___ Material shown ___
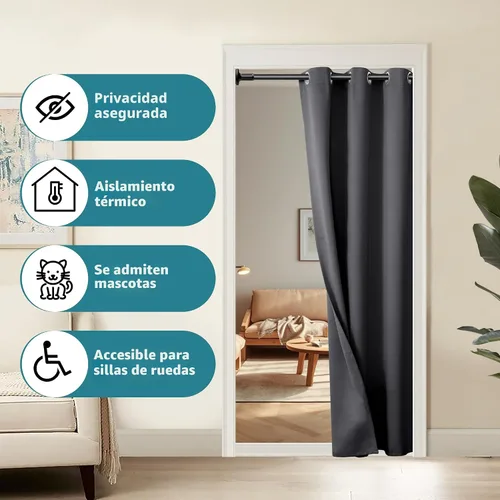 Vista 2 de BGment Cortina de puerta para puerta, cortina de armario para armario abierto, cortina opaca de privacidad con ojales con aislamiento térmico, 1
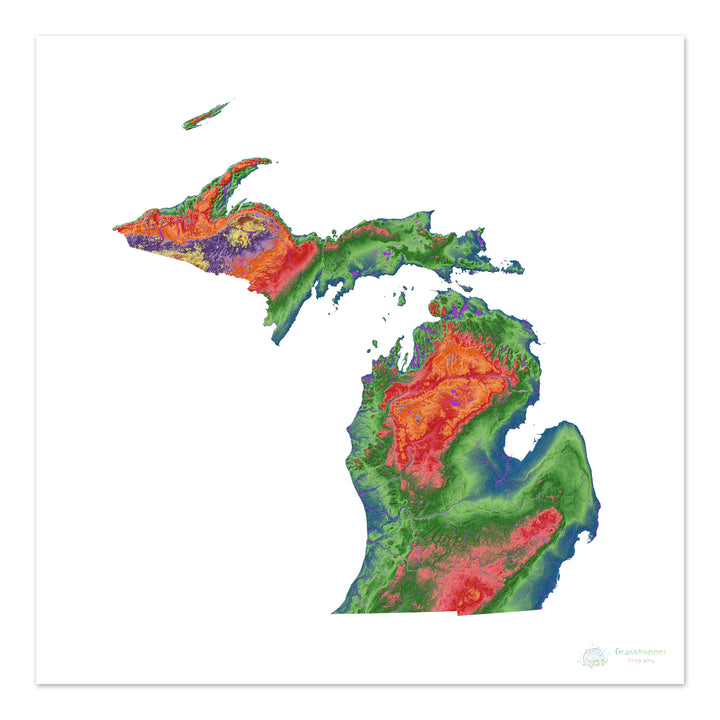 Michigan - Mapa de elevación, blanco 48x48 - Impresión de bellas artes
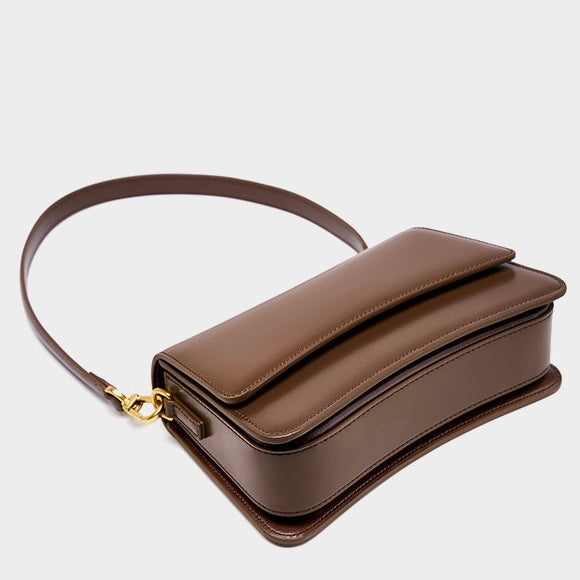 Women's Genuine Leather Multifunctional Baguette Shoulder Bag with Flap Design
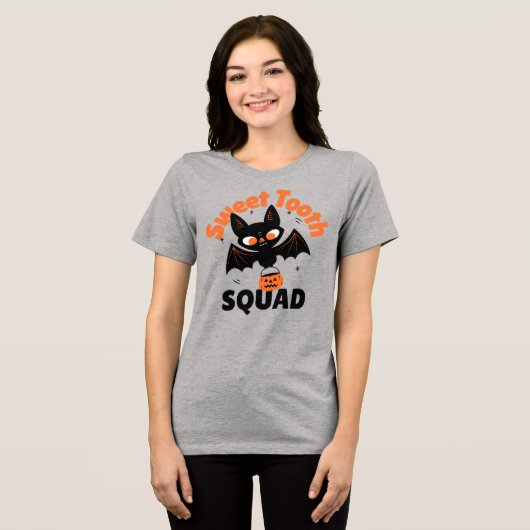 Sweet Tooth Squad Halloween Shirt - Leuke Vleermui (Voorkant volledig)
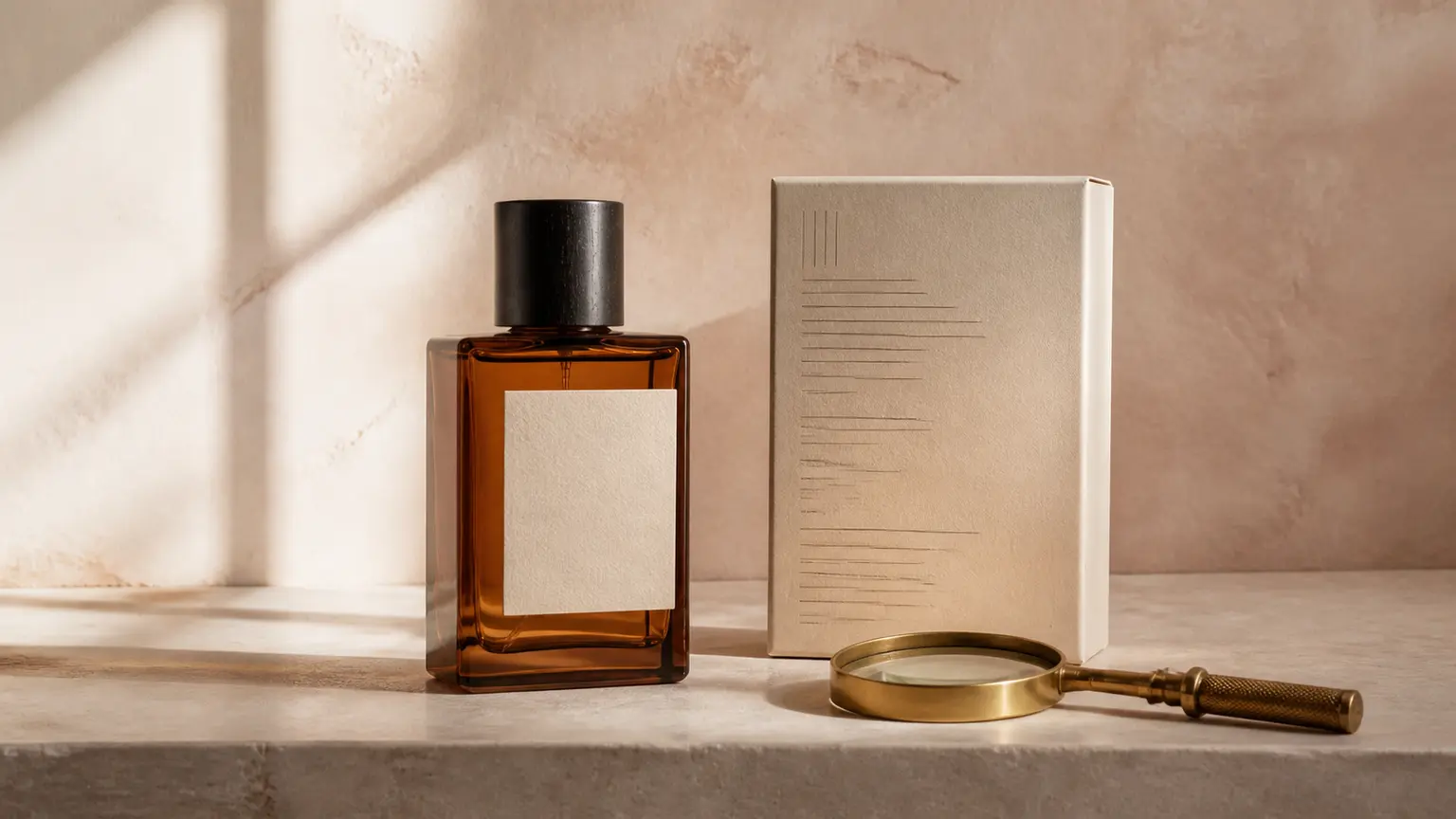 Un flacon de parfum ambré, une boîte cosmétique neutre et une loupe sont disposés sur une pierre beige rosé.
___
Problem to work on — Take the records above from the line with "Michigan - Mapa" down to their last line and please copy those lines exactly, without the pictures.

Answer area —
 Michigan - Mapa de elevación, blanco 48x48 - Impresión de bellas artes
 Women's Genuine Leather Multifunctional Baguette Shoulder Bag with Flap Design
 Sweet Tooth Squad Halloween Shirt - Leuke Vleermui (Voorkant volledig)
 Un flacon de parfum ambré, une boîte cosmétique neutre et une loupe sont disposés sur une pierre beige rosé.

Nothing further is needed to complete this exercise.